The lack of testing is an inevitable consequence of a car in, say, London learning something -- it isn't doing this in a lab, but on the road -- and what it has learnt being disseminated around the world in a few minutes, including to a car in, say, Miami.

Whether there would be only two autonomous cars in the world, or those two cars would be but two out of all the hundreds of millions of cars in the world (all of them autonomous), makes no difference at all...

...except that if the lesson learnt was not the right lesson:
  • in the former case, only two cars would be in danger of following the wrong rule,
  • in the latter case , every car in the world would be in danger of doing that,
and in both cases, not a single second would have been spent on independently analysing or testing the new rule, either in isolation or as but one rule in combination of all the other rules (an ever increasing number of them) that the cars are meant to follow.
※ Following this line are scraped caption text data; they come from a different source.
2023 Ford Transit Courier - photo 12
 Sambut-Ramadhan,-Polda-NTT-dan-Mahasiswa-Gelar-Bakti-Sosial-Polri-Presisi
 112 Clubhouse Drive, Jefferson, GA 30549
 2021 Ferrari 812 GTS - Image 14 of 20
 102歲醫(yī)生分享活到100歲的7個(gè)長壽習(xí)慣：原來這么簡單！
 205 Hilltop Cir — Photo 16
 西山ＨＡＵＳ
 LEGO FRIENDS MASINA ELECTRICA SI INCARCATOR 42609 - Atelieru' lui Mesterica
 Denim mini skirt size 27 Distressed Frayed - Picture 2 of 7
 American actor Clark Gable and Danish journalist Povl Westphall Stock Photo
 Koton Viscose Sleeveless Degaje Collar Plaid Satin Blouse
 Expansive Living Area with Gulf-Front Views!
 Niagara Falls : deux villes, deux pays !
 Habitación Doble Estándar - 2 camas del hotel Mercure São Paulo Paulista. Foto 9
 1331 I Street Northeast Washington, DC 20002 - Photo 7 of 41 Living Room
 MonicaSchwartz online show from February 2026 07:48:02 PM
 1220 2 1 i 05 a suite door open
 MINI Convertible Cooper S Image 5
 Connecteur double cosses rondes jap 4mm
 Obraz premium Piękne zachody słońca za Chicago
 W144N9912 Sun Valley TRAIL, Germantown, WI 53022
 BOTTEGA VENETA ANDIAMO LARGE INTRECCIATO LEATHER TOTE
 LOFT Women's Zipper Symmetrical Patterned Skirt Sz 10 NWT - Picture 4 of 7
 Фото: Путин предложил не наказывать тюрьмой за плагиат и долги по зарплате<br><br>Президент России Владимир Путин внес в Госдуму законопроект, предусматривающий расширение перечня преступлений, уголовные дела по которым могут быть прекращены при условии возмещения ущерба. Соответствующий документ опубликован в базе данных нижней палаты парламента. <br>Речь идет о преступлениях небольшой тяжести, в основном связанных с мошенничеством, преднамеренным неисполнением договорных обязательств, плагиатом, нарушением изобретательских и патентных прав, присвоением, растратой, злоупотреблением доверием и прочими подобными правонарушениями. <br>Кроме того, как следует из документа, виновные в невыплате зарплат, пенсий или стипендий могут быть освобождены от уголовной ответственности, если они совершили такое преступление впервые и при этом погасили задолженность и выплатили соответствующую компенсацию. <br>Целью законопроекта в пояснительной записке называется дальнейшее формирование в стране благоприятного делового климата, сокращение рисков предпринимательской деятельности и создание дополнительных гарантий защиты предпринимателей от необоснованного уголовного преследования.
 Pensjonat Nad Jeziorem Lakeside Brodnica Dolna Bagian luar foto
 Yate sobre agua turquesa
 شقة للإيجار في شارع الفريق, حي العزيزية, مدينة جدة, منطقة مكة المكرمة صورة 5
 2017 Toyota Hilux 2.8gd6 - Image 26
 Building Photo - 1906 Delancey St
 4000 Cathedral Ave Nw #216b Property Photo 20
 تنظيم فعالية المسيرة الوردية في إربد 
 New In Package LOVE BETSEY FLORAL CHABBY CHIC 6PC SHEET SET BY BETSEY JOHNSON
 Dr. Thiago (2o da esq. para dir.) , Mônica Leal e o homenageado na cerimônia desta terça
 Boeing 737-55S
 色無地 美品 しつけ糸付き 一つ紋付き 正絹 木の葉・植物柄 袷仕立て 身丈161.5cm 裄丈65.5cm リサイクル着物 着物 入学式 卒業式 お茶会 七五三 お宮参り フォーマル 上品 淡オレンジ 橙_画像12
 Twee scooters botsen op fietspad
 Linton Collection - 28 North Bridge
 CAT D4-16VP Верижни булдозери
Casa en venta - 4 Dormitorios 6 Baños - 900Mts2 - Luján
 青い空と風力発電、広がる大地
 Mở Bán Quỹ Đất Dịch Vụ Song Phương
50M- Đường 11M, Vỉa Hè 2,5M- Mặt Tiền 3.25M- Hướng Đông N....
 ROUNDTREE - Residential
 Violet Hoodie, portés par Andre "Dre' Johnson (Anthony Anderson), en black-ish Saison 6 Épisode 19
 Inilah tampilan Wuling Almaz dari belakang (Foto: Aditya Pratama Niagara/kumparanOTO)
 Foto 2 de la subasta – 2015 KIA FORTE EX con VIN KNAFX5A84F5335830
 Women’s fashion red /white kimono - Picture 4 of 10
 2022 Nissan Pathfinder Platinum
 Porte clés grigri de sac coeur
Frankly, this is the sort of dubious stuff one might expect in a badly thought-out SF story but, unfortunately, it appears to be the norm for reporting on science and technology, where statements made by people working on the technology or science (or, worse, by the marketing departments of the companies involved) are repeated verbatim and without question.
 

Toby Frost

Well-Known Member
Joined
Jan 22, 2008
Messages
4,747
Think of the fun a Hostile Foreign Power could have when it hacks the controls for the driverless cars!
 

Robert Zwilling

Well-Known Member
Supporter
Joined
Jun 12, 2018
Messages
512
At times we seem to be living the logic of Phillip K Dick science fiction stories, why would industry not be subject to the same conditions.

Being part of a network the system would need updates from time to time. How could those updates be tested, would a small number of cars be updated ahead of others so if it was a bad update only a few cars would experience problems. How many would be enough and if an update was instantly needed would the risk of mass updating be overlooked with fingers crossed. Are there any operating systems that don't need constant updates. Could a multitude of manufacturers be allowed to make the cars or would there be only one car company to make sure everything was always in step. Is this a case of one person's dream, another person's nightmare. Can we even make a network that would encompass all kinds of vehicles using the one size fits all scenario.

There would probably be a market for hacked cars, with fake registrations or more options normally allowed such as unlimited speed, done in such a way that they would be cruising under the radar. One aspect of automatic cars is the ability of authorities to shut the car down any time they wanted to. That could be extended to repossessions done by remote control. If it was possible to control a family members use of a car, would some kind of safeguard be needed so one person couldn't block another family member from legitimate use of a the car. Would it be possible to stop cars from being used for illicit purposes before they were used. The cars would probably be able to recognize legitimate users making it far easier to take one's license away or would the need for that punishment disappear.
 

thaddeus6th

Well-Known Member
Supporter
Joined
Sep 15, 2007
Messages
6,592
Location
UK, Yorkshire
Toby, indeed.

The Internet of Things (online kettles etc) have been hijacked to provide computing power for DDOS attacks and hackery. The NHS got hit by an attack a couple of years ago. Just because autonomous cars are possible doesn't make them a good idea.
 

Foxbat

None The Wiser
Supporter
Joined
Jul 24, 2003
Messages
7,307
Location
Scotland
Online kettles. Why? Just why?

I can just imagine the text message it might send to its owner: I need filling up but the tap is busy ransoming the NHS again. Tap says no! Repeat! TAP SAYS NO!